Trump Opposes EU Digital Services Act

Tensions are once again mounting between Brussels and Washington over the European Union’s Digital Services Act (DSA) — a sweeping regulatory framework that, while framed as a safeguard for online “safety” and “civic integrity,” is being viewed in Washington as something far more intrusive: a threat to free speech.

At the heart of the dispute is the claim — issued plainly by U.S. lawmakers like Rep. Jim Jordan and echoed by Vice President JD Vance — that the DSA, under the guise of mitigating “systemic risks,” may be erecting a global infrastructure for censorship. And despite the EU’s insistence that it’s doing no such thing, the law’s wording and enforcement mechanisms tell a more troubling story.

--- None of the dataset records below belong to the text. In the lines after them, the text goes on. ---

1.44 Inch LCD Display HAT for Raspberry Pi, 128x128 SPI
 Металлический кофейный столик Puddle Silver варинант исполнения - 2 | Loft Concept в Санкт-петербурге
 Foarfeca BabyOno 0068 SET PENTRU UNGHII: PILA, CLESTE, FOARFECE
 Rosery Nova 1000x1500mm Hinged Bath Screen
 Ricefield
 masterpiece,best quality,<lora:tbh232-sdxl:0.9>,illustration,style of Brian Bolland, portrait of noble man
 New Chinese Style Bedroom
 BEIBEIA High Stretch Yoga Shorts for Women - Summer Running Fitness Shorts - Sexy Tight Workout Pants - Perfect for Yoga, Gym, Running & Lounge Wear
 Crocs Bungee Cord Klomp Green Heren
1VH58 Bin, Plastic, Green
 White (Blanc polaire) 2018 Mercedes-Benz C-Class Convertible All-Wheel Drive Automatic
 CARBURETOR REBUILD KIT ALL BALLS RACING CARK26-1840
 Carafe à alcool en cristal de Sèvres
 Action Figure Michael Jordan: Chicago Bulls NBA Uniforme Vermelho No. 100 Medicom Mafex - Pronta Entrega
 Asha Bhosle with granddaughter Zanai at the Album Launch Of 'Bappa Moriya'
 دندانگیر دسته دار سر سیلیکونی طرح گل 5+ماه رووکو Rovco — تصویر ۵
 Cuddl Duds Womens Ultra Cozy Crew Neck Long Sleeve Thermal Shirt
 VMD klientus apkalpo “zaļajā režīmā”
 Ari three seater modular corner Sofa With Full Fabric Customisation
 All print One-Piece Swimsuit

The EU’s Vice-President for Tech Sovereignty, Henna Virkkunen, pushed back in a letter this month, saying the DSA “does not regulate speech” and that Europe remains “deeply committed to protecting and promoting free speech.” But the U.S. isn’t convinced — and with good reason.

The concern isn’t just about Europe. It’s about what happens when the world’s largest digital platforms are forced to make regulatory decisions in one region that affect users everywhere. Jim Jordan’s warning is straightforward: when global platforms face vague, expansive, and heavily punitive legal mandates like the DSA, they don’t silo those rules to one geography. They apply them globally — because it’s easier, safer, and cheaper than building and enforcing region-specific policies.

We’ve seen this before. The EU’s General Data Protection Regulation (GDPR) didn’t stay confined to Europe. It reshaped digital privacy practices worldwide. Now, the DSA is poised to do the same for speech — only this time, it’s not about securing personal data, it’s about defining what people are allowed to say, read, and post.

Articles 34 and 35 are the fulcrum. They require platforms to monitor and mitigate “systemic risks,” but offer little legal clarity on what that actually means. “Civic discourse,” “electoral processes,” “public health” — these are not criminal categories. They are sprawling, subjective concepts that change with every news cycle and political climate. And yet, under the DSA, platforms that fail to manage these risks face fines of up to six percent of global revenue — a penalty large enough to bring even the biggest companies to heel.

Faced with that kind of exposure, platforms won’t wait to be punished. They’ll preemptively remove anything that might be interpreted as problematic. The result isn’t enforcement of law. It’s corporate risk aversion dressed up as content moderation. It’s the silent deletion of the lawful-but-controversial — the very kind of speech that courts in liberal democracies have long considered vital to public discourse.

Virkkunen argues that the DSA is “content-agnostic,” simply a matter of procedure. But in practice, procedural rules with vague standards and heavy consequences are indistinguishable from direct content regulation. Telling a platform to “mitigate risks to civic discourse” without telling them what that means is a license for preemptive censorship.

And the real irony? The European Commission, which answers to no electorate outside its borders, is poised to become the de facto global moderator of online content. Not by force, but by regulatory weight — the so-called “Brussels Effect” that leads companies to adopt the strictest global standards across the board.

For the U.S., this raises fundamental constitutional concerns. The First Amendment protects not just polite or popular speech, but, as Lord Justice Sedley once noted, “the irritating, the contentious, the eccentric, the heretical, the unwelcome and the provocative.” That’s not a loophole. It’s the point.